Welke wandelschoenen moet ik kiezen?
Of je nu dagelijks een blokje om gaat, kiest voor een flinke bergwandeling, een vierdaagse gaat lopen, of een groot deel van je vakantie op bergpaadjes doorbrengt... Wandelen is een fijne manier om lekker buiten bezig te zijn, van de natuur te genieten en als klap op de vuurpijl werk je op een goede wandeldag ook nog eens je complete vitamine D-tekort weg!
De natuur is echter een stuk minder mooi als jij je alleen maar met je blaren bezig kan houden en als je de dag na het wandelen last hebt van alle gewrichten in je lichaam dan denk je de volgende keer ook wel een keer extra na voordat je je wandelschoenen weer uit de kast trekt.
De schoenen zijn dan ook niet voor niets het belangrijkste onderdeel van jouw wandeloutfit! Maar hoe kies je nou eigenlijk de juiste wandelschoen?


Welke categorie wandelschoenen heb ik nodig?
Om te kunnen bepalen welke wandelschoenen bij jou passen vraag je jezelf eerst af waar en wanneer jij gaat wandelen. Vanuit deze basis kun jij gaan bepalen welke eigenschappen jouw wandelschoenen moeten hebben. Wandelschoenen kunnen worden onderverdeeld in verschillende categorieën. Deze categorieën geven aan voor welke ondergronden en gebieden de schoenen geschikt zijn. In Nederland en voor (lichte) bergwandelingen kun je kiezen voor wandelschoenen uit de categorieën A, A/B of B:
A-categorie – wandelschoenen uit deze categorie hebben een vrij soepele zool. Deze schoenen zijn geschikt voor op vlakke paden. Ideaal om te dragen tijdens dagelijkse wandelingen of om mee te nemen als je op citytrip gaat!

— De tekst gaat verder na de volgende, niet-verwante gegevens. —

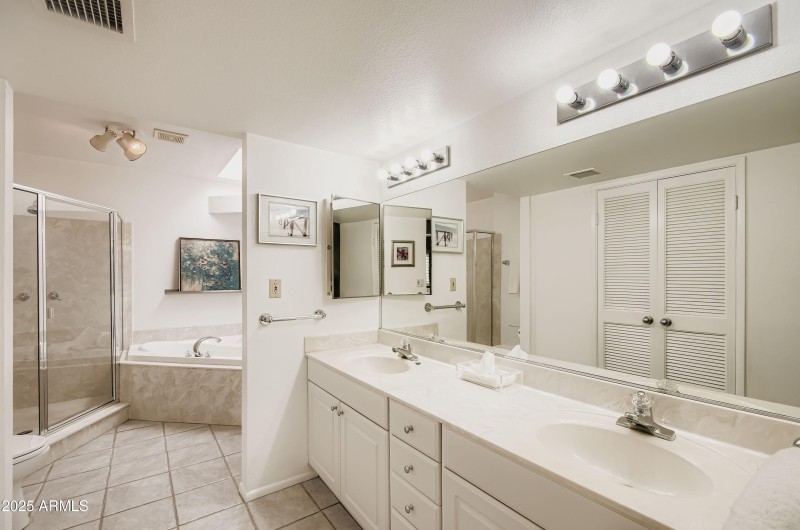 5458 N 78th Way - MLS Sized - 019 - 22 P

A/B-categorie – deze schoenen hebben een stevigere zool dan schoenen uit de A-categorie. Kies voor deze schoenen als je zowel op vlakke paden loopt als op heuvelachtig landschap loopt.
B-categorie – voor stevige allround schoenen zit je goed met wandelschoenen uit deze categorie. Veel profiel in combinatie met een stugge zool zorgen dat deze schoenen alle bescherming bieden die je nodig hebt tijdens wandelingen op oneffen terrein.
Tip: Heb je zwakke enkels? Kies dan voor hoge schoenen, ongeacht of je op een vlakke of bergachtige ondergrond gaat wandelen.
Voor heftigere tochten zijn er ook nog wandelschoenen in de categorieën C en D. Deze schoenen hebben bijzonder stugge zolen en zijn een stuk zwaarder dan de schoenen uit bovenstaande categorieën. Voor heftige tochten is het belangrijk dit soort schoenen te dragen, omdat deze zorgen voor voldoende grip, ook als je moet stijgen of dalen met flink wat bagage op je rug.
C-categorie – deze schoenen hebben hele stijve zolen waar stijgijzers aan bevestigd kunnen worden. Dit maakt dat deze schoenen zelfs stevig genoeg zijn om over gletsjes te lopen en heftige bergtochten mee te maken.
D-categorie – dit is de zwaarste categorie. Ook aan deze schoenen kunnen stijgijzers bevestigd worden. Schoenen uit de categorie D zijn geschikt om zware bergtocten mee te maken en te ijsklimmen.


Welke maat wandelschoenen heb ik nodig?
Als je een wandelschoen aantrekt voel je al snel of deze wel of niet bij jouw past. Uiteraard is het wel belangrijk dat je de juiste maat draagt. Een te kleine schoen zorgt dat je tenen afknellen en in een te grote schoen ga je schuiven.. dat is natuurlijk vragen om blaren!
Tip: Je voeten zullen tijdens een wandeling uitzetten, dit doen ze ook gedurende de dag. Het is daarom verstandig om jouw nieuwe wandelschoenen aan het einde van de middag te passen.
Zet de hak van je voet stevig tegen de achterkant van de schoen en maak de veters vast. Kun je je tenen nog vrij bewegen? Bij de juiste maat heb je aan het einde van je grote teen nog ongeveer 1 cm over. Is de schoen niet te smal of te breed? Heb je last van bepaalde drukpunten, bijvoorbeeld bij je wreef, je hiel of bij je tenen? Zitten je schoenen lekker? Als je al deze vragen met ‘nee’ kan beantwoorden is het tijd voor een klein proefrondje!
Tip: Heb je speciale wandelsokken? Doe deze dan ook aan bij het passen van je nieuwe schoenen. Deze sokken trek je ten slotte ook aan als je de wandelschoenen aan gaat trekken voor het echte werk!